Regardless of how people feel about this war, they've honored our service, they've respected our service and they can separate us from the policy. And I think that’s a key development in the American consciousness since Vietnam.
BROOKE GLADSTONE:
Deborah Sontag of The New York Times says the point of the pieces that have appeared in her paper is to ensure that there are no more silent sufferers.
DEBORAH SONTAG:
If you read, really read what we've written, we try and see the crime that has been committed in the context of this individual’s service, life, character and community. The people who commit these homicides on their return are an incredible minority, a teeny-weeny minority.

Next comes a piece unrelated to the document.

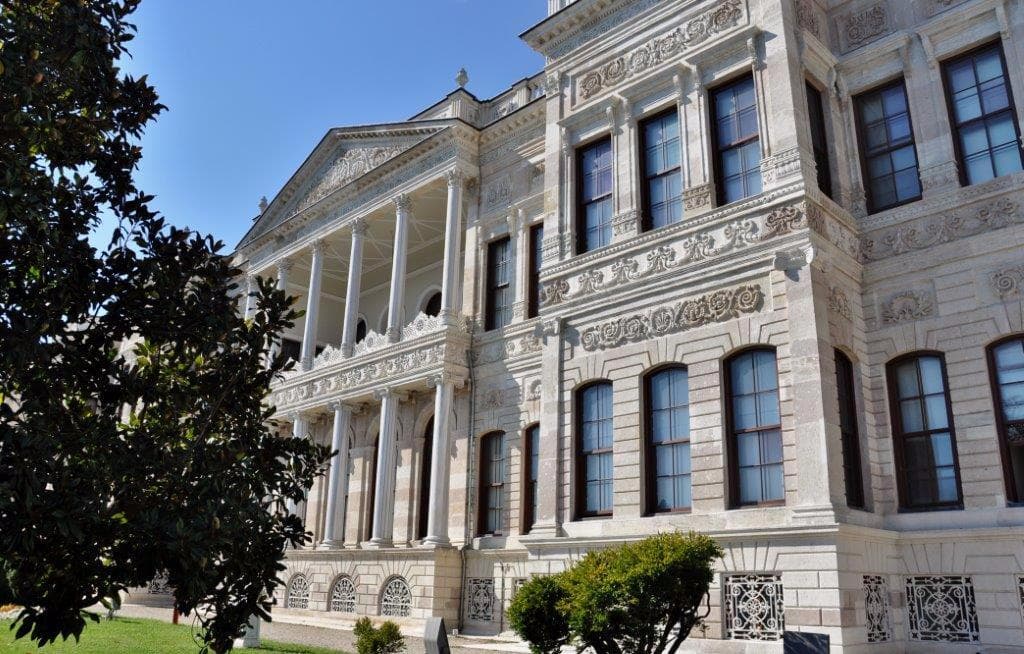 Façade to the Bosphorus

But the individuals who return from Iraq and Afghanistan and become dysfunctional are a larger minority. And if you look at the details of these cases, as some of the vets who have called us have said, they look at these cases and they say, there but for the grace of God go I.
And so we don't want to snip off this portion of people and say they are not to be discussed. In some ways, looking at the extreme situations that these guys have gotten themselves into and the horrible damage that they've caused is revealing. That’s what we wanted to say.
BROOKE GLADSTONE:
It’s always difficult, she says, to discuss the consequences of a war while it is being waged. But the sooner those stories are told, the sooner attention will be paid.
The narrative of the unhinged Vietnam vet was, after all, also the story of an indifferent, ignorant nation. Perhaps that one, too, will be different.